# Running Animal-Spot
## Important info
My name is David Kebert. This notebook is part of a [github repository](https://github.com/Davidkeebler/Orca-Detection) for a project that was done between February-April 2024. [Here's a link to my blog!](https://medium.com/@davidkebert1)

## Introduction
[Animal-Spot](https://github.com/ChristianBergler/ANIMAL-SPOT) is an open source machine learning framework for the detection of bioacoustic signals. This notebook will download the repository and install the necessary versions of its required packages.
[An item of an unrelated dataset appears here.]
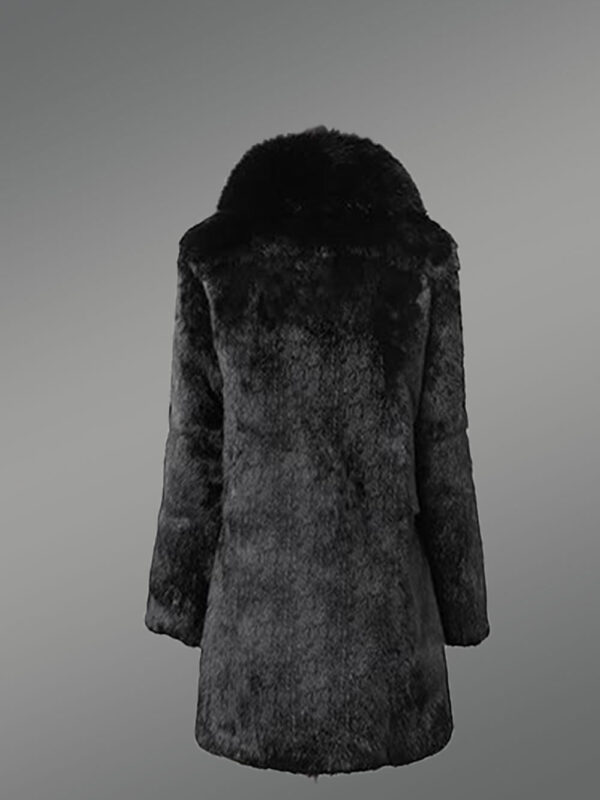 Long Rabbit Coat in Black with Shawl Style Collar of Fox Fur - Image 5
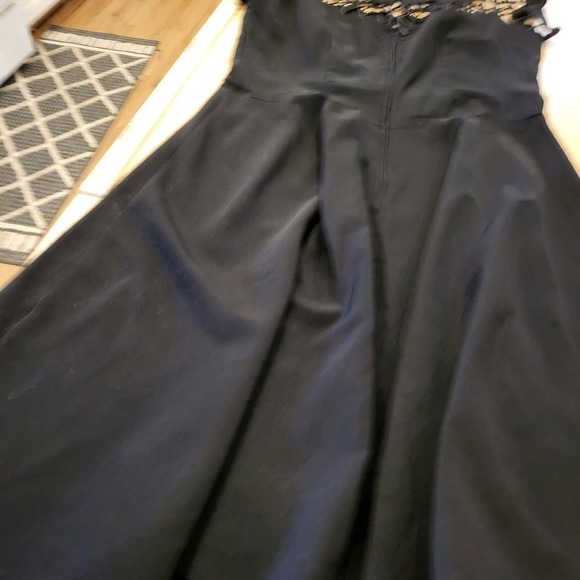 Black Fit & Flare Dress Mesh Shoulder Bow Detail - Picture 10 of 10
It also contains commands that run the training, prediction, and evaluation scripts. This is the third notebook, and it should be run after you have retrieved the data, run the preprocessing, and have moved the configuration files in this repository into their proper directories and renamed them.

## Setup and dependencies

In [None]:
# This repository assumes you are using google colab and google drive to replicate the result, so we mount google drive before anything else.
from google.colab import drive
drive.mount('/content/drive')

Mounted at /content/drive


In [None]:
# Use CMD to navigate to navigate to a convenient directory in your google drive before executing the git clone below. Then, replace the config files in the Training, Prediction, and Evaluation subfolders with the config files
# in my repository before renaming them to simply 'config'.
# !git clone https://github.com/ChristianBergler/ANIMAL-SPOT.git

In [None]:
# These exact versions of torch, torchvision, and torchaudio are required for the repository to run.
!pip install torch==1.11.0+cu113 torchvision==0.12.0+cu113 TorchAudio==0.11.0+cu113 -f https://download.pytorch.org/whl/torch_stable.html

Looking in links: https://download.pytorch.org/whl/torch_stable.html
Collecting torch==1.11.0+cu113
  Downloading https://download.pytorch.org/whl/cu113/torch-1.11.0%2Bcu113-cp310-cp310-linux_x86_64.whl (1637.0 MB)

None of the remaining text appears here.